Wednesday, February 20, 2013

Be Careful What You Wish For

When Jack Lew first proposed the idea of a sequester - an automatic set of spending cuts which would force Congress to make a decision about deficit reduction it was a semi-serious attempt to deal with the deficit.   But it was structured to give the GOP more heartburn than the Democrats.   It was unbalanced as to where reductions would take place.   The Heritage Foundation did a good graph on where the cuts are targeted.    (see below)

About half of the cuts are in defense, and there is no way that decision was not intentional.  It is unclear whether all the doomsday scenarios that have been bandied about will become real.  Yesterday, the President did a press conference which tried to deflect blame on the sequester where he said "So these cuts are not smart.  They are not fair.  They will hurt our economy.  They will add hundreds of thousands of Americans to the unemployment rolls.  This is not an abstraction — people will lose their jobs.  The unemployment rate might tick up again."   That is typical of this president, create the problem and then blame the opposition.  It would be wonderful if anyone in the Administration could act like a grownup.  But perhaps that is too much to ask for in DC at this point.    For the President, "tax reform" is raising rates but not improving the tax system.   You can see the balance that he believes in by looking at how the cuts in the sequester fall.    He has added to the mix by suggesting that all of the cuts will first come on things that people actually receive from government.   At some point the American people will understand that the "Washington Monument" strategy is pure crap.   Any competent executive could figure out how to get $85 billion out of a multi-trillion budget without inconveniencing anyone.   The subsequent year reductions could also be focused on where there is excess.   But of course that is not the game that the President is playing.

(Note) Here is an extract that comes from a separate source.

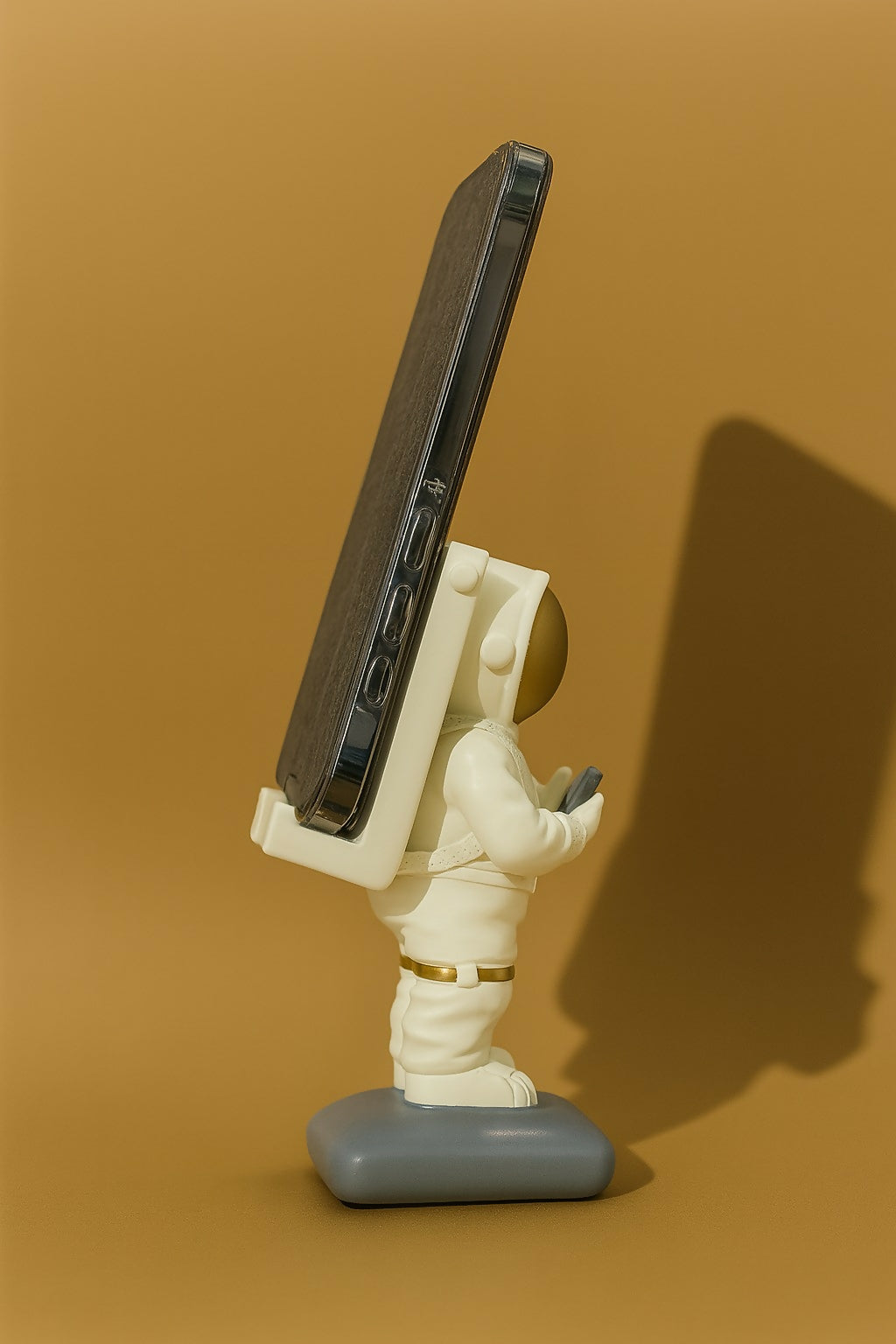 Astronaut-Themed Mobile Phone Holder Stand for Desk – Cute Resin Figurine Design for Home, Office, and Gifting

From my perspective there are two issues here.   First, is the President's claim about what the effects of the sequester will be, correct?   There the answer is simple, no.   Were the President serious he would be working hard to get the parties, including his own, behind a series of balanced alternatives.  I think he believes that the media will protect him from any blame on this, if there are consequences to these cuts.   From my perspective the effects of the cuts are much less than most Washington wonks have suggested.   Indeed, the media will protect him - but at some point the American people will see through the media wall and will begin to hold all of Washington responsible for their nonsense.

The second issue is more important.  Erskine Bowles and Alan Simpson have produced a revised  plan for reducing the deficit which is a lot more balanced.  They proposed an approach which is less reliant on tax increases and more reliant on spending reductions than the President seems to support.  At the same time, from my perspective, the revenue increases would seem to be focused not on raising rates but on reforming the tax code.  

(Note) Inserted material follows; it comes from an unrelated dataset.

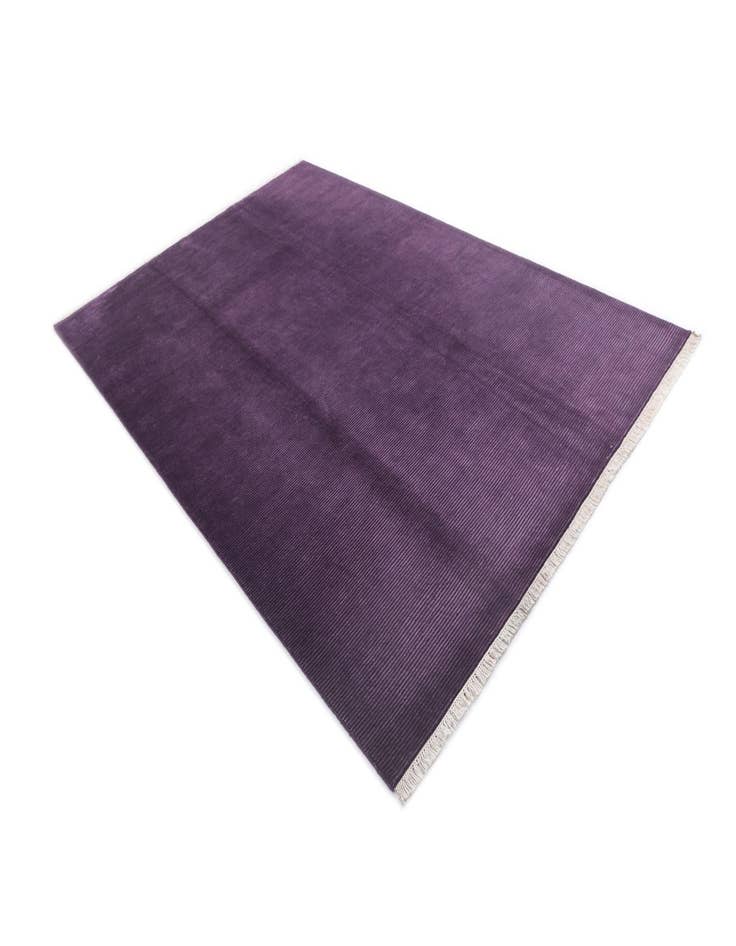 Detail image of  6' 6 x 9' 11  Hand Knotted Darya Wool Rug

In the original Simpson-Bowles plan there was an attempt to improve the code by cutting out a lot of the thatch that has grown up since the 1986 Reform Act.   That plan reduced a lot of sacred cows in the code but would have also produced a much simplified process for most taxpayers and lower rates.   Both of those changes would improve the prospects of economic growth.   Like the original plan I expect that there will be some parts of the final proposal that I will not like - but one has to look at the whole picture.   And from that perspective, the new outline looks like a creative and helpful step.

From my perspective we have three choices before us.   The best among them is the balance that Simpson Bowles seems to offer.   While I think we are taxed enough - I am more than willing to increase revenues in the quest of simplification of the Byzantine tax system.   The second best is to allow the sequester to take effect.  The first year cuts (which would take place on March 1) amount to a bit less than $100 billion.   There are many I do not like, the defense reductions over the course of the sequester are horrible policy. In the second alternative, Congress could always modify the longer term proposals.   The least best is the one advanced by the President - which basically starts with the assumption that spending a higher percentage of GDP through the government is a good way to revitalize the economy.